*WORK TASK*
Please return each record exactly, leaving nothing out.

*DATASET RECORDS*
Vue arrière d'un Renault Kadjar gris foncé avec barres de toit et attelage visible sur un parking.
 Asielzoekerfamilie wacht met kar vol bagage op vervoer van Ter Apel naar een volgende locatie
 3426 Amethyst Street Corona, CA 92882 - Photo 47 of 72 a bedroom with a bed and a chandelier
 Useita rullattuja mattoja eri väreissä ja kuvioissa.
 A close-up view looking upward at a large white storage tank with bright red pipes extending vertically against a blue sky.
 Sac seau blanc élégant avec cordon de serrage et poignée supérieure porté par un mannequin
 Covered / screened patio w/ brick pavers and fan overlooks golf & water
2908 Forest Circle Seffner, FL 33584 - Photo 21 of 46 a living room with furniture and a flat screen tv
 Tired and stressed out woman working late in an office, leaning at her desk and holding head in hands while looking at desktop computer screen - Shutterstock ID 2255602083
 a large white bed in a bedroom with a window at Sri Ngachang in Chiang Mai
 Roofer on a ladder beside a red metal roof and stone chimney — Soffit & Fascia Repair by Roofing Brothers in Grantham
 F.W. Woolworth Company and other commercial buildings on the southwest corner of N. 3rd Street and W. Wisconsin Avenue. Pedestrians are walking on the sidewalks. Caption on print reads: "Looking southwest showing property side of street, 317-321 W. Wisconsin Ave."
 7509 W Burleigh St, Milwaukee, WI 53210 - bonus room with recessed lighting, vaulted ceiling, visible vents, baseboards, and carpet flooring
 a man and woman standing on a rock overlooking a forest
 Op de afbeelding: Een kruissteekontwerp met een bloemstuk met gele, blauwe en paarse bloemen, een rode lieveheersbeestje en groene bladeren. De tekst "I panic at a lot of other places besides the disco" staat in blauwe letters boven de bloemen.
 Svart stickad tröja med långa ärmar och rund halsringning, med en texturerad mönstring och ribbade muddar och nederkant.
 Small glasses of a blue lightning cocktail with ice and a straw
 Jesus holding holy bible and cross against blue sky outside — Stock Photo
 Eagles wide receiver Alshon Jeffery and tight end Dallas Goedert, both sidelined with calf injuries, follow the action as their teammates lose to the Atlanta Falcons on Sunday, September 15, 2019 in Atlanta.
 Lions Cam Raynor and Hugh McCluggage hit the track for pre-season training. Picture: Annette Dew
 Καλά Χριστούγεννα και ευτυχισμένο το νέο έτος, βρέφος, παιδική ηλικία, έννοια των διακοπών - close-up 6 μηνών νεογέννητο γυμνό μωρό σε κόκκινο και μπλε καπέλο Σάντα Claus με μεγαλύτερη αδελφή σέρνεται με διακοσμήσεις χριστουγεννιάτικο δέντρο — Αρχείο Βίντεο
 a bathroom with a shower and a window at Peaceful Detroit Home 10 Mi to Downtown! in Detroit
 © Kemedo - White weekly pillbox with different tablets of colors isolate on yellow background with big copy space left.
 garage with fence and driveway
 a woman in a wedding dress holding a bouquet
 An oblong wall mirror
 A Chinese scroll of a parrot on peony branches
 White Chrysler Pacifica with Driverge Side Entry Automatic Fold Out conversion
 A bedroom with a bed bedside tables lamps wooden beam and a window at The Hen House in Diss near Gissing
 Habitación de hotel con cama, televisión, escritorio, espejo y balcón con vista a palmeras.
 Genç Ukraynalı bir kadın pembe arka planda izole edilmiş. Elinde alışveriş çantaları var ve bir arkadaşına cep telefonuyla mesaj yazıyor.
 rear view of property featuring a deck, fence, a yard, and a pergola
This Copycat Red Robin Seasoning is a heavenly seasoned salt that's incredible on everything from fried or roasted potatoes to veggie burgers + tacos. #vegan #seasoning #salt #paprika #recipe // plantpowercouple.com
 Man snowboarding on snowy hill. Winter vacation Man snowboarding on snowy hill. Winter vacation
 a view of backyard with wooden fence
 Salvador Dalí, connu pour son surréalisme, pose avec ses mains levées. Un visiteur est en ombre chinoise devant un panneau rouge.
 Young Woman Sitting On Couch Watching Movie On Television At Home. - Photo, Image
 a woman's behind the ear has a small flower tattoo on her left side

*OUTPUT BELOW*
Vue arrière d'un Renault Kadjar gris foncé avec barres de toit et attelage visible sur un parking.
 Asielzoekerfamilie wacht met kar vol bagage op vervoer van Ter Apel naar een volgende locatie
 3426 Amethyst Street Corona, CA 92882 - Photo 47 of 72 a bedroom with a bed and a chandelier
 Useita rullattuja mattoja eri väreissä ja kuvioissa.
 A close-up view looking upward at a large white storage tank with bright red pipes extending vertically against a blue sky.
 Sac seau blanc élégant avec cordon de serrage et poignée supérieure porté par un mannequin
 Covered / screened patio w/ brick pavers and fan overlooks golf & water
2908 Forest Circle Seffner, FL 33584 - Photo 21 of 46 a living room with furniture and a flat screen tv
 Tired and stressed out woman working late in an office, leaning at her desk and holding head in hands while looking at desktop computer screen - Shutterstock ID 2255602083
 a large white bed in a bedroom with a window at Sri Ngachang in Chiang Mai
 Roofer on a ladder beside a red metal roof and stone chimney — Soffit & Fascia Repair by Roofing Brothers in Grantham
 F.W. Woolworth Company and other commercial buildings on the southwest corner of N. 3rd Street and W. Wisconsin Avenue. Pedestrians are walking on the sidewalks. Caption on print reads: "Looking southwest showing property side of street, 317-321 W. Wisconsin Ave."
 7509 W Burleigh St, Milwaukee, WI 53210 - bonus room with recessed lighting, vaulted ceiling, visible vents, baseboards, and carpet flooring
 a man and woman standing on a rock overlooking a forest
 Op de afbeelding: Een kruissteekontwerp met een bloemstuk met gele, blauwe en paarse bloemen, een rode lieveheersbeestje en groene bladeren. De tekst "I panic at a lot of other places besides the disco" staat in blauwe letters boven de bloemen.
 Svart stickad tröja med långa ärmar och rund halsringning, med en texturerad mönstring och ribbade muddar och nederkant.
 Small glasses of a blue lightning cocktail with ice and a straw
 Jesus holding holy bible and cross against blue sky outside — Stock Photo
 Eagles wide receiver Alshon Jeffery and tight end Dallas Goedert, both sidelined with calf injuries, follow the action as their teammates lose to the Atlanta Falcons on Sunday, September 15, 2019 in Atlanta.
 Lions Cam Raynor and Hugh McCluggage hit the track for pre-season training. Picture: Annette Dew
 Καλά Χριστούγεννα και ευτυχισμένο το νέο έτος, βρέφος, παιδική ηλικία, έννοια των διακοπών - close-up 6 μηνών νεογέννητο γυμνό μωρό σε κόκκινο και μπλε καπέλο Σάντα Claus με μεγαλύτερη αδελφή σέρνεται με διακοσμήσεις χριστουγεννιάτικο δέντρο — Αρχείο Βίντεο
 a bathroom with a shower and a window at Peaceful Detroit Home 10 Mi to Downtown! in Detroit
 © Kemedo - White weekly pillbox with different tablets of colors isolate on yellow background with big copy space left.
 garage with fence and driveway
 a woman in a wedding dress holding a bouquet
 An oblong wall mirror
 A Chinese scroll of a parrot on peony branches
 White Chrysler Pacifica with Driverge Side Entry Automatic Fold Out conversion
 A bedroom with a bed bedside tables lamps wooden beam and a window at The Hen House in Diss near Gissing
 Habitación de hotel con cama, televisión, escritorio, espejo y balcón con vista a palmeras.
 Genç Ukraynalı bir kadın pembe arka planda izole edilmiş. Elinde alışveriş çantaları var ve bir arkadaşına cep telefonuyla mesaj yazıyor.
 rear view of property featuring a deck, fence, a yard, and a pergola
This Copycat Red Robin Seasoning is a heavenly seasoned salt that's incredible on everything from fried or roasted potatoes to veggie burgers + tacos. #vegan #seasoning #salt #paprika #recipe // plantpowercouple.com
 Man snowboarding on snowy hill. Winter vacation Man snowboarding on snowy hill. Winter vacation
 a view of backyard with wooden fence
 Salvador Dalí, connu pour son surréalisme, pose avec ses mains levées. Un visiteur est en ombre chinoise devant un panneau rouge.
 Young Woman Sitting On Couch Watching Movie On Television At Home. - Photo, Image
 a woman's behind the ear has a small flower tattoo on her left side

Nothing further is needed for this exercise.